“The Guga Hunters Of Ness is poetic, haunting, its beautiful imagery making it hard to look away. It's rare to see a story so effectively combine this evocative romance with the rough reality of working men's lives. The hunters come across as utterly grounded and real, yet Sula Sgeir seems to give them a license to dream. The film has an existential quality that only enhances the impact of its blunt message about the ephemerality of all human endeavour.”
-Eye for Film 2011
A BBC feature documentary about a Gaelic island community in Scotland embarking on their epic annual seabird hunt in the treacherous North Atlantic.
Every August ten men from Ness set sail through the gales of the North Atlantic for Sula Sgeir, a desolate island 40 miles off the Isle of Lewis in the Outer Hebrides. Following in the footsteps of countless generations, they leave their normal lives behind to hunt for the guga, the meat of the young gannets.
The men spend two exhausting weeks on the uninhabited rock, sleeping in stone huts amongst ruins left by Celtic monks a thousand years ago. They work ceaselessly, catching, killing and salting 2000 birds using traditional methods before returning home with this rare meat so cherished by the people of Ness.
These are the last men allowed to hunt seabirds in the EU and the UK and for 50 years this ancient tradition has remained hidden from the cameras. In 2009 we sailed with the hunters and filmed their unique voyage.

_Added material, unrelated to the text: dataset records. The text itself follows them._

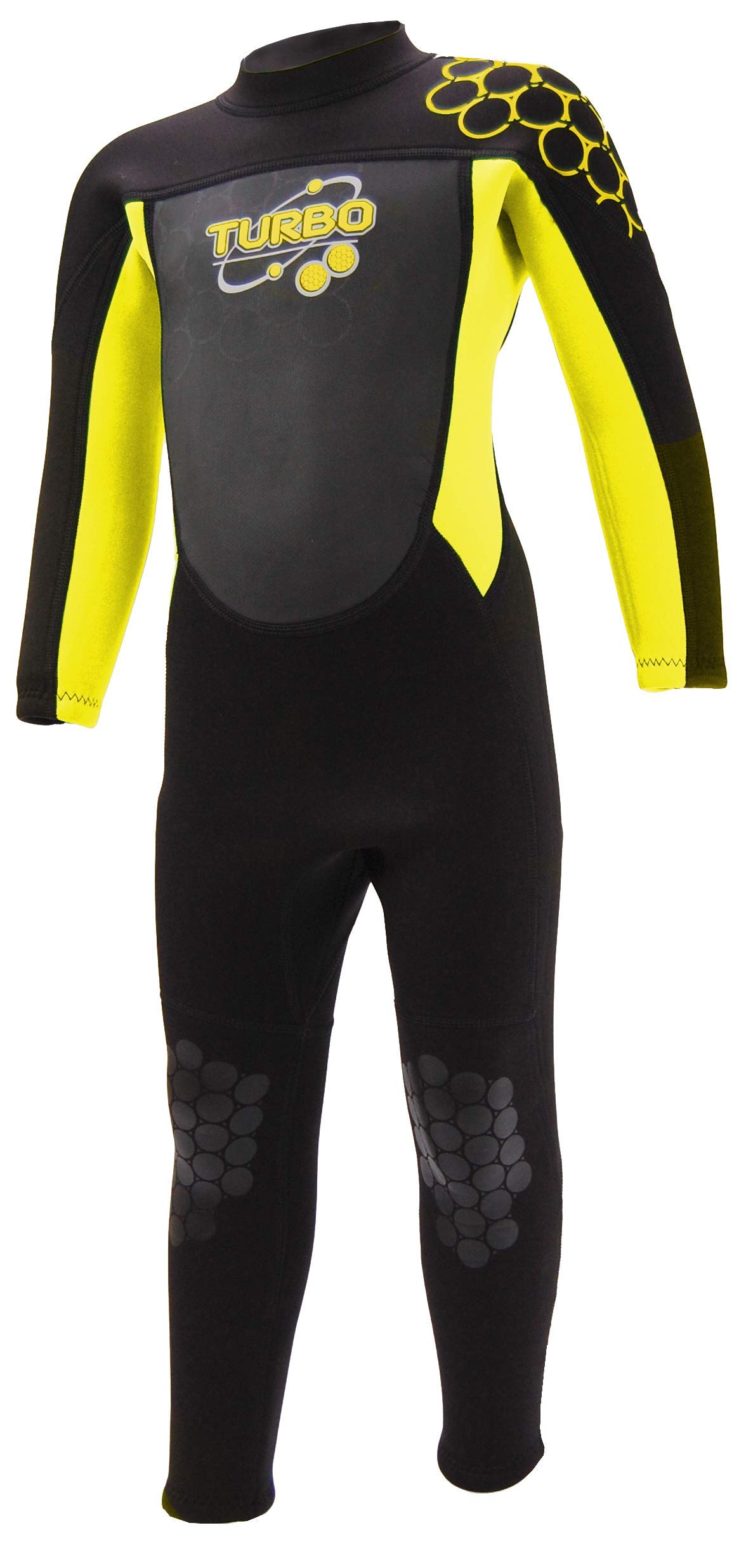 TWF Children's Turbo Kids Full Wetsuit, Yellow, Size K07 UK
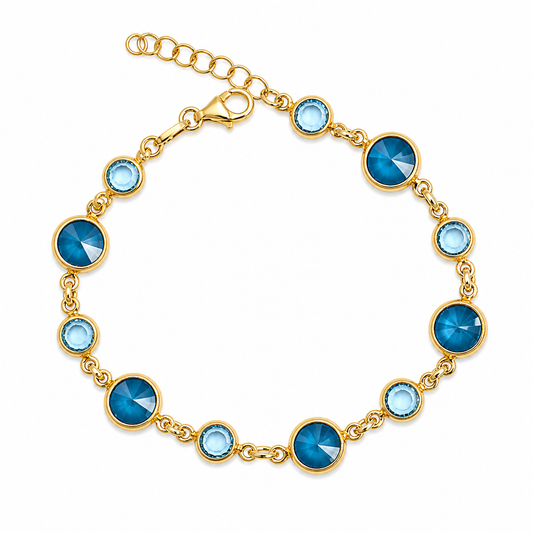 Shades Of Blue Swarovski Barcelet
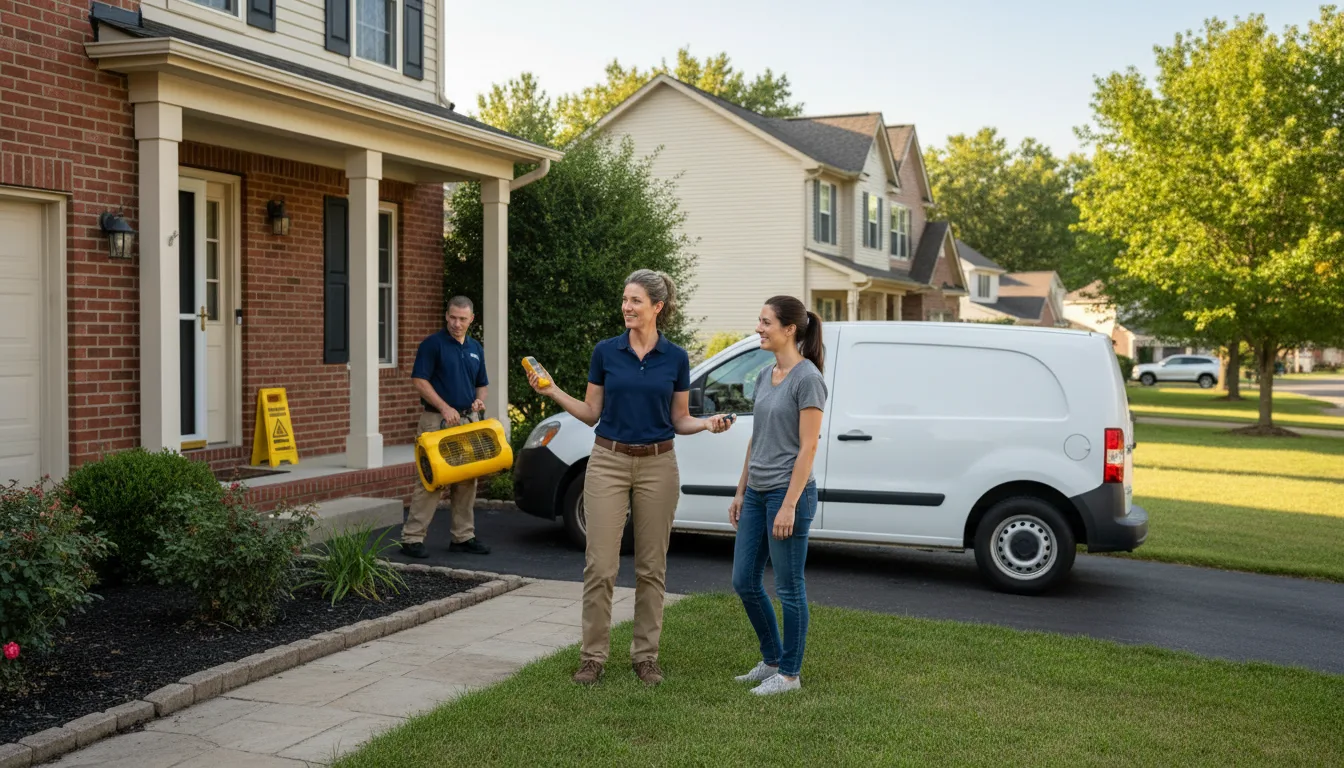 Residential water damage restoration in Pembroke, VA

There is a decidedly ethnographic air to this film, and a striking sense of authenticity... The scenery is spectacular and so is the cinematography. Day's camera delivers beautiful sweeps of landscape, and captures the small captivating details of his characters at home, at work and on the hunt. Most remarkable are the shots at sea, which keep the horizon steady, yet pitch and roll with the waves. You are in that boat.
The Guga Hunters of Ness is a wonderful documentary about stout-hearted men, and it is made by a stout-hearted filmmaker. The film transports you to a far away place, allows you to peer into the lives and traditions of the people who live there, and actually shows you the world around them through their eyes. It is about community, and tradition, and changing times. It's a must see, and on as large a screen as you can find for it.